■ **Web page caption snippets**
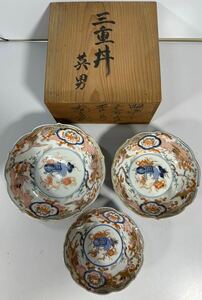 古伊万里 色絵 金彩 獅子図 和食器 骨董皿 大鉢 中鉢 小鉢3点セット木箱付き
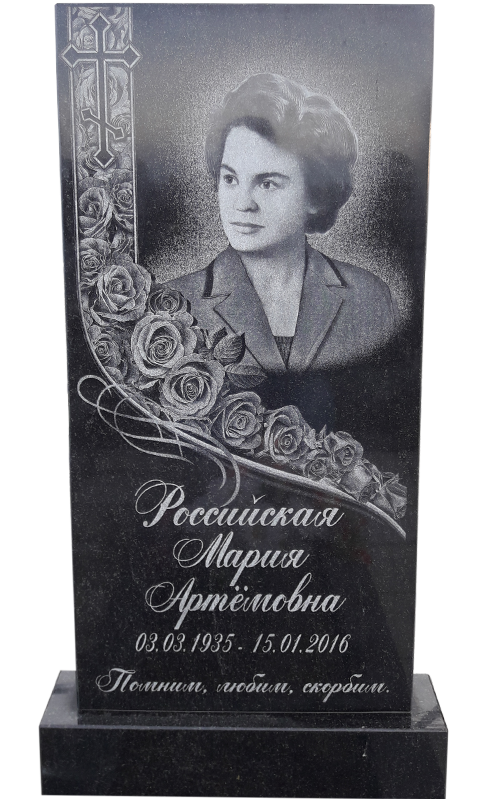 Черный гранит
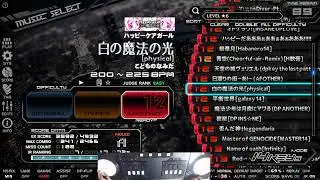 IIDX INFINITAS or BMS PLAY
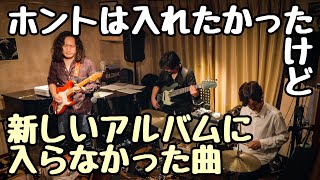 【最新フル動画】一曲〇〇聴いて下さい🎸 Silent Bay - Yoshiaki Imahori Trio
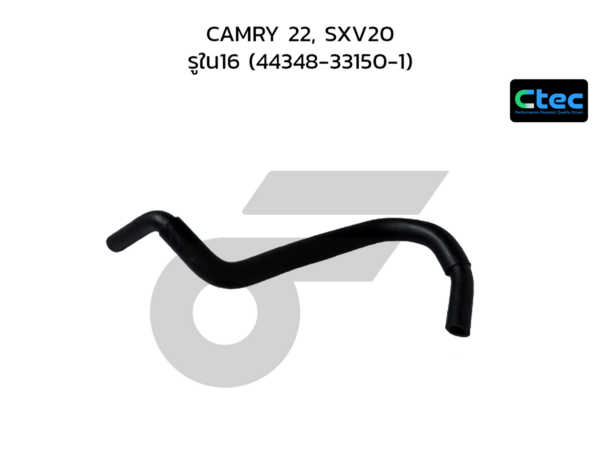 CTEC ท่อยางพาวเวอร์ CAMRY 22, SXV20 | รูใน16 | 44348331501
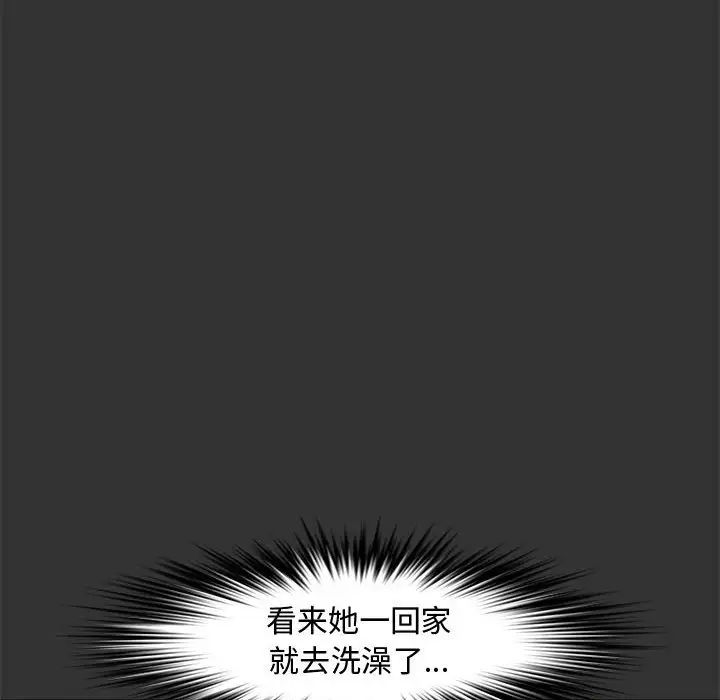 新婚夫婦第25話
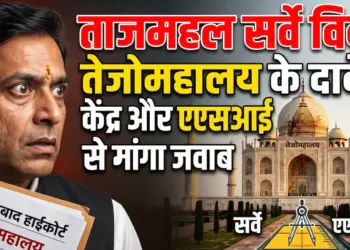 ताजमहल सर्वे विवाद: इलाहाबाद हाईकोर्ट ने तेजोमहालय के दावे पर केंद्र और एएसआई से मांगा जवाब
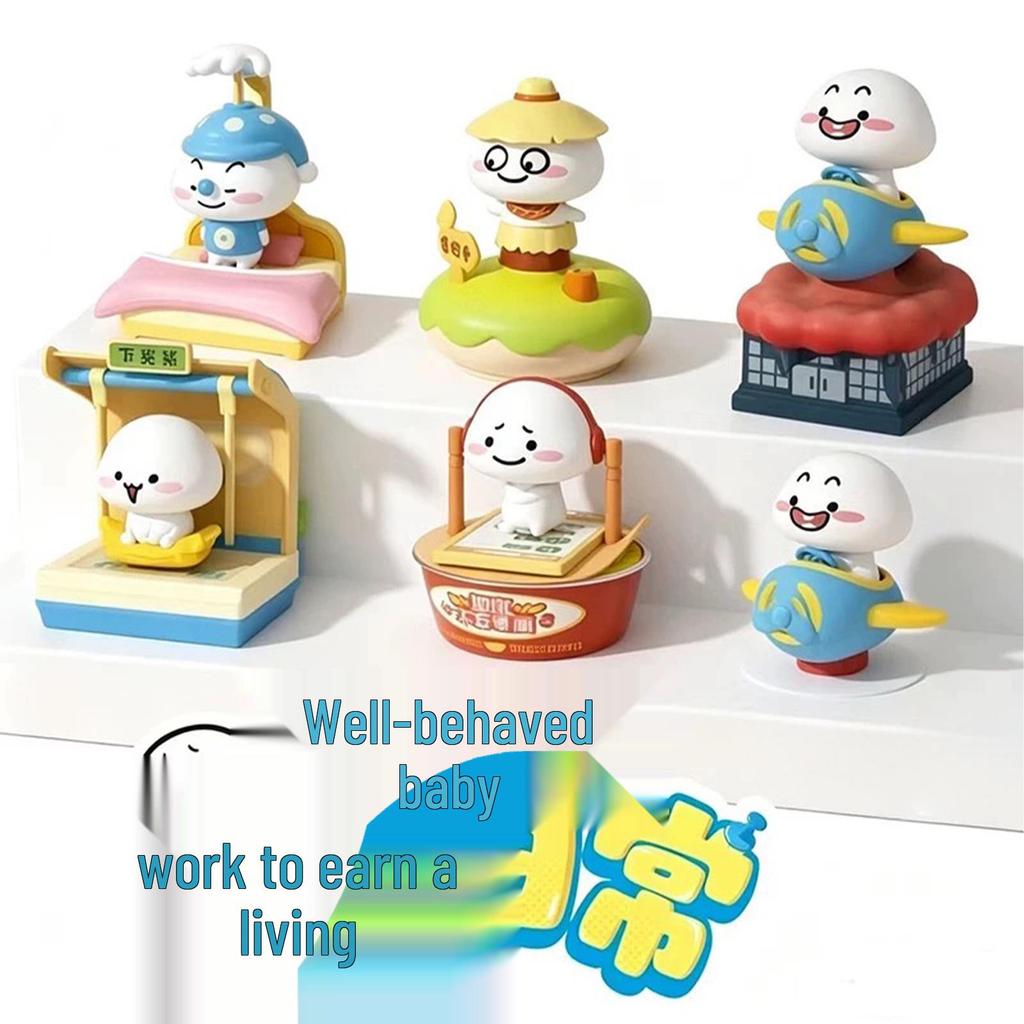 Qimo Pig Light-Activated Blind Box Cartoon Doll - Series 2 Office Ornament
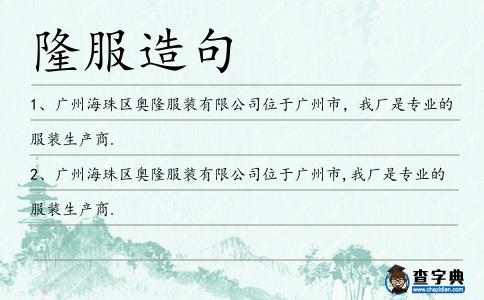 隆服造句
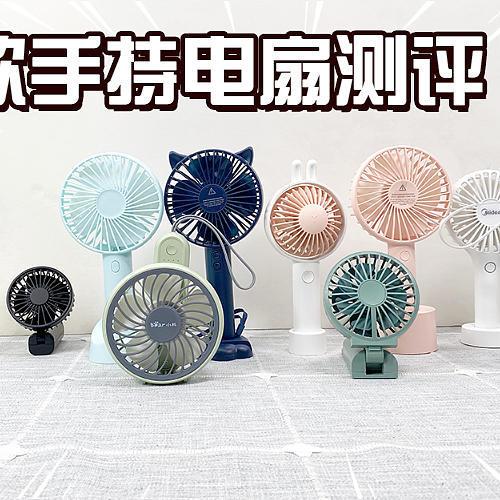 手持风扇测评：月销5万爆款有火灾风险，或成“爆”炸款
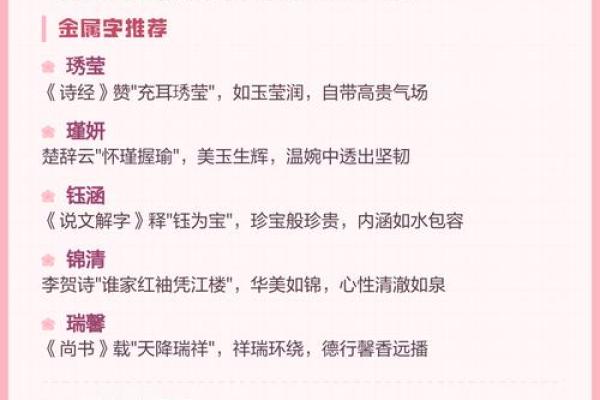 适合缺金土五行的女孩名字推荐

■ **YOUR INSTRUCTIONS**
Copy exactly the lines that run from the one containing "CTEC ท่อยางพาวเวอร์ CAMRY" to the last line of the records, both included, and leave out every picture.

■ **COMPLETED EXERCISE**
 CTEC ท่อยางพาวเวอร์ CAMRY 22, SXV20 | รูใน16 | 44348331501
 新婚夫婦第25話
 ताजमहल सर्वे विवाद: इलाहाबाद हाईकोर्ट ने तेजोमहालय के दावे पर केंद्र और एएसआई से मांगा जवाब
 Qimo Pig Light-Activated Blind Box Cartoon Doll - Series 2 Office Ornament
 隆服造句
 手持风扇测评：月销5万爆款有火灾风险，或成“爆”炸款
 适合缺金土五行的女孩名字推荐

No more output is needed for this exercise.